CES also started and all the news coming out from there is exciting as always. Though sadly when it comes to some of the more important hardware I care about things are fairly run of the mill. I'd love to hear something truly exciting about processors we're not expecting like more cores, more power, more heat, smaller form factor, etc. I'd love to just hear same performance for lower power.
Though we are finally hearing processors with ddr4 controllers and are supposedly being surprisingly stable in comparison to previous generations launches. MSI apparently finally has a good ITX amd mobo which has me excited even though I know I won't be getting it.
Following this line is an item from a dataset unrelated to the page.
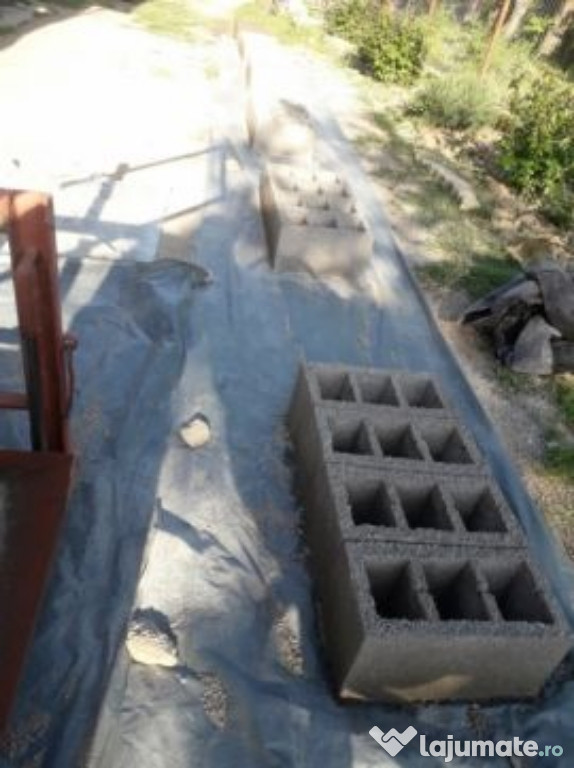 Boltari de construcții.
They're also releasing ITX form factor graphics cards which is nice if you want more graphics than you'd get from an APU.
Apparently Dell might be first to market with a 4k OLED monitor, which is a little sad but at least it's something instead of nothing. Though from my experience dell monitors don't live as long as other brands and considering we're expecting a shorter lifespan on OLED to begin with this has me a bit worried.
hybrid hard drives are doubling in capacity which sounded nice at first until I found out the SSD space is staying at 8gb and they're just doubling regular HDD space so now we have 4tb regular and 8gb nand when the main complaint I'm sure was how small the SSD side was.
there's all kinds of CES news beyond this which I suggest everyone read. My last really exciting thing that comes to mind is some DSP controlled PSU's which I don't know why I never thought of that before, the basic explanation is that DSP is digital signal processing unit which is a digital controller to increase efficiency which leads to the new 80+ titanium above the 80+ platinum for upwards of 95% efficiency.